Exercise objective
Retype every line of the data below, starting with the first and ending with the line that contains "Slurring Angela Rayner", but leave out the pictures.

Given entries
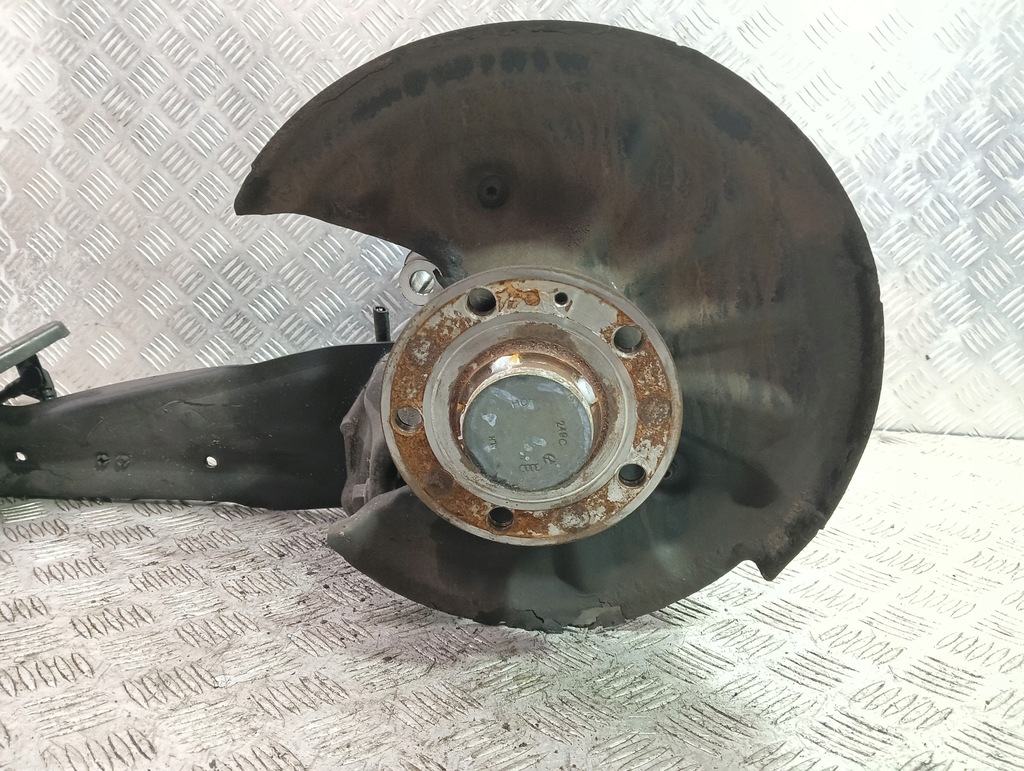 фото №9, Поворотный кулак рычаг левый задняя audi q3 ii f3 83a 2018- 1.5 tfsi 150km dfya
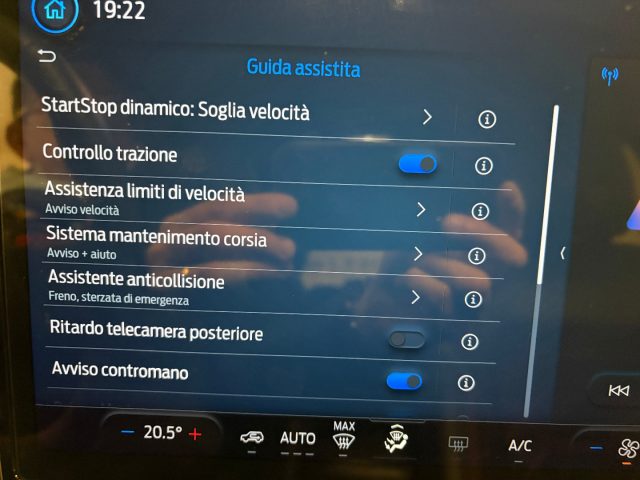 FORD Puma usata, con Bracciolo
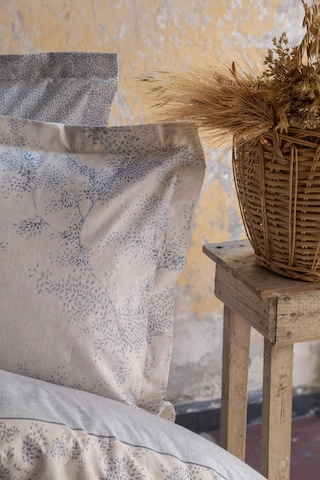 Tek Kişilik Mila Mavi Pike Takımı Mavi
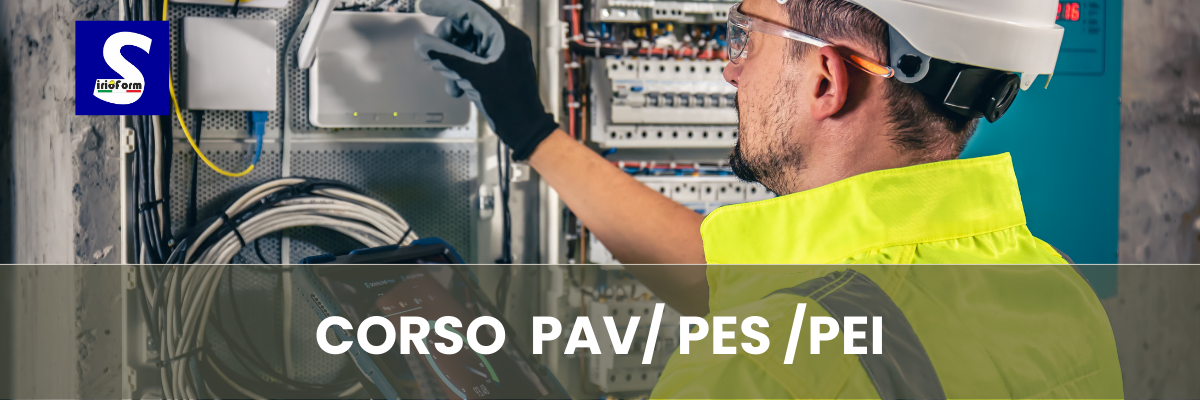 Corso PAV PES PEI Corso PAV PES PEI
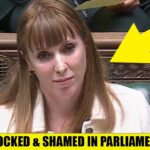 Slurring Angela Rayner Caught LYING & SHAMED In Local Election Feud In Parliament!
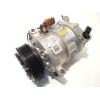 Recambio de compresor aire acondicionado para volkswagen polo 1.0 tsi referencia OEM IAM 3Q0816803E  8712P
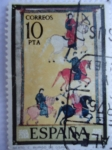 Stamps Spain -  Ed:2290 - Beato. C. Burgo de Osma.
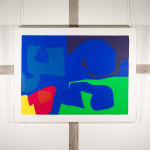 Patrick Heron, January 1973: 7, 1973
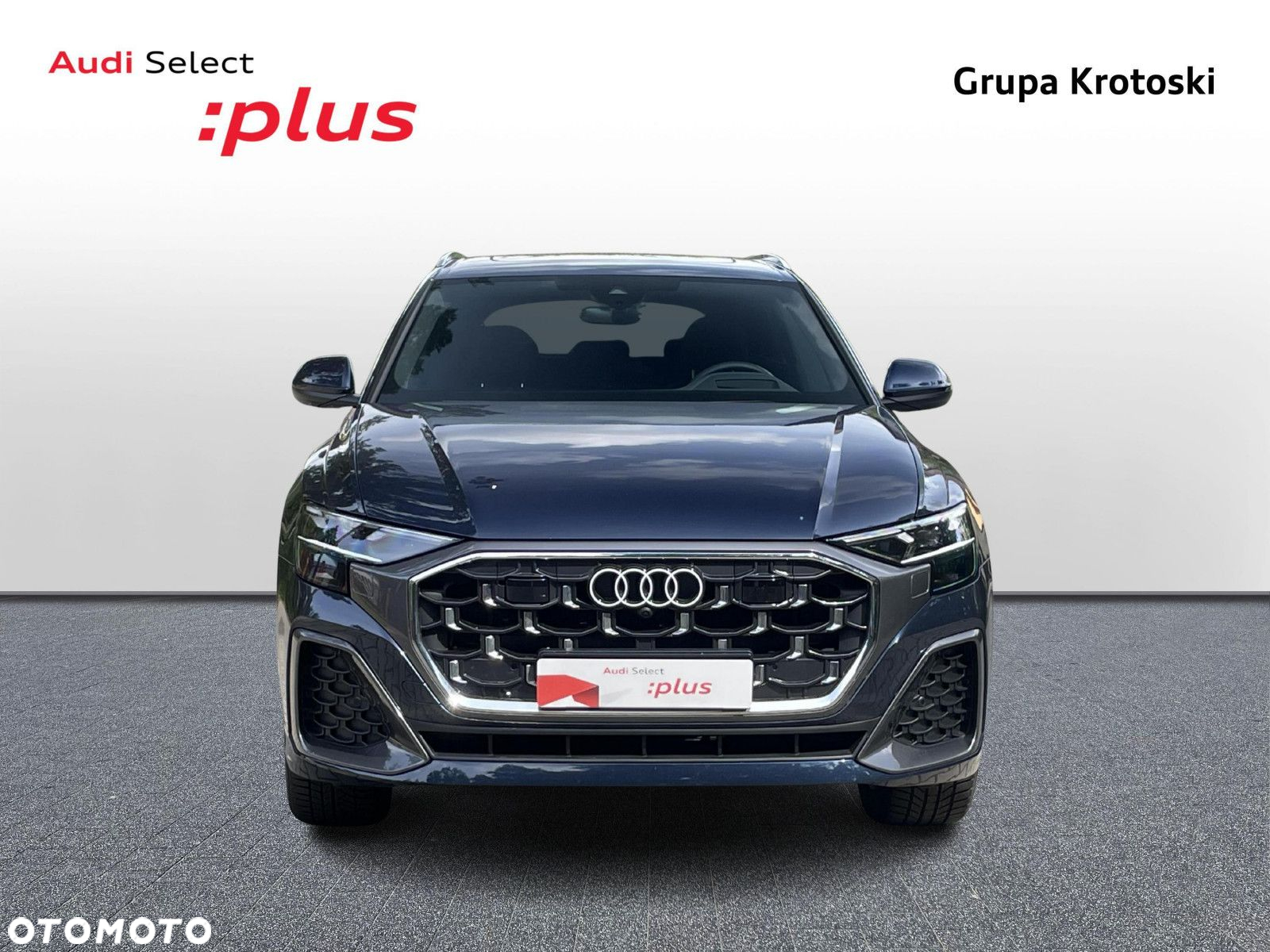 Audi Q8 - 8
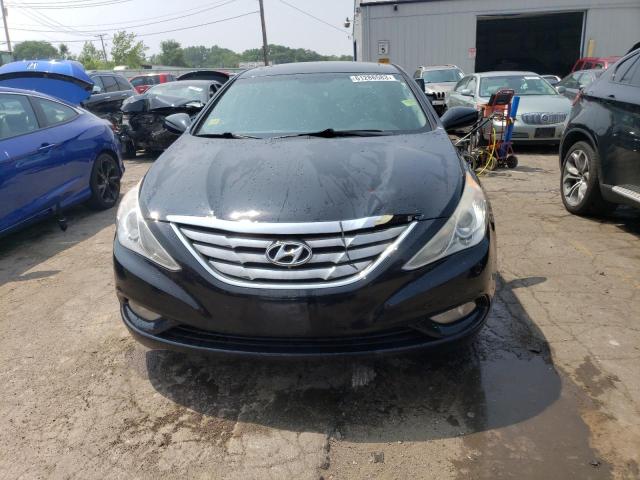 Photo 4 VIN: 5NPEC4AC5CH359641 - HYUNDAI SONATA SE 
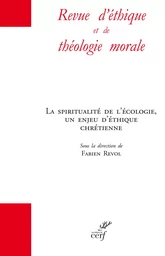 Revue d'éthique et de théologie morale HS 2024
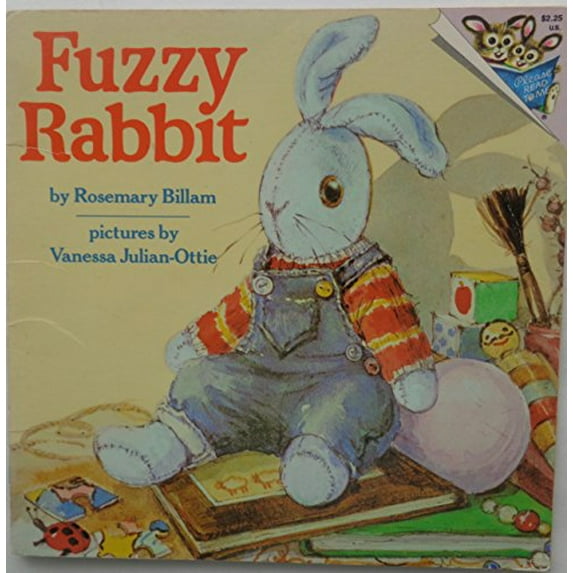 Pre-Owned Fuzzy Rabbit (Paperback) 0394863461 9780394863467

Expected answer
 фото №9, Поворотный кулак рычаг левый задняя audi q3 ii f3 83a 2018- 1.5 tfsi 150km dfya
 FORD Puma usata, con Bracciolo
 Tek Kişilik Mila Mavi Pike Takımı Mavi
 Corso PAV PES PEI Corso PAV PES PEI
 Slurring Angela Rayner Caught LYING & SHAMED In Local Election Feud In Parliament!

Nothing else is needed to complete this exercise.